# Supplied data:
——
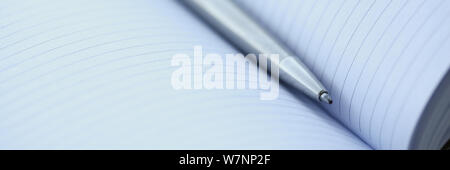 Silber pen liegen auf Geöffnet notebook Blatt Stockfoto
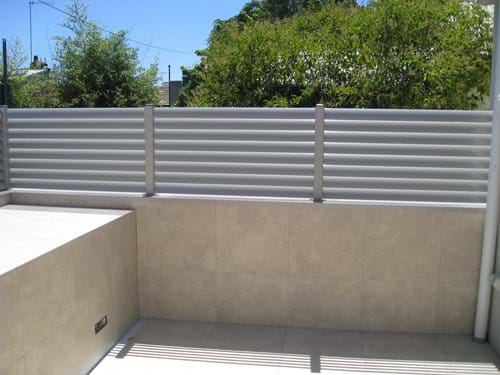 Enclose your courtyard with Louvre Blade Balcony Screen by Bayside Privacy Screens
——
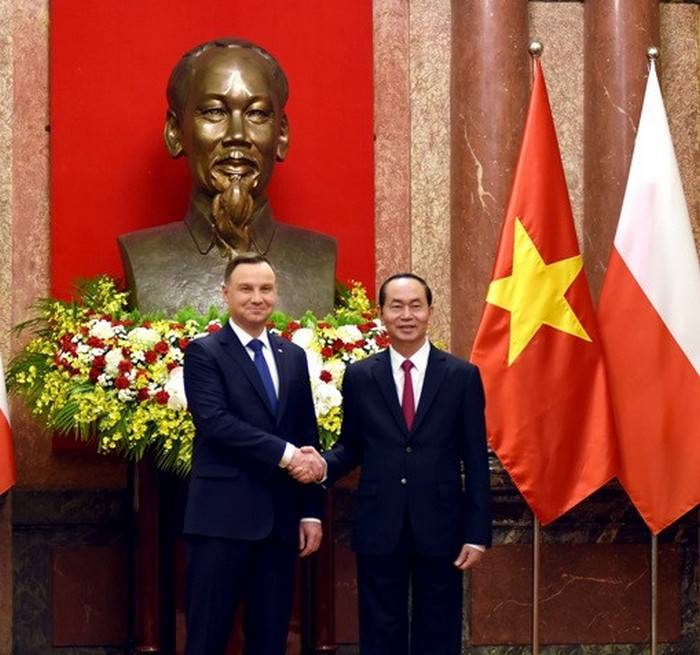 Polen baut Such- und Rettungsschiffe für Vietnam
——
# Work instructions:
From the data above, return exactly the lines from the one with "Silber pen liegen" up to and including the one with "Enclose your courtyard". Pictures do not go in the copy.

# Solution to this task:
 Silber pen liegen auf Geöffnet notebook Blatt Stockfoto
 Enclose your courtyard with Louvre Blade Balcony Screen by Bayside Privacy Screens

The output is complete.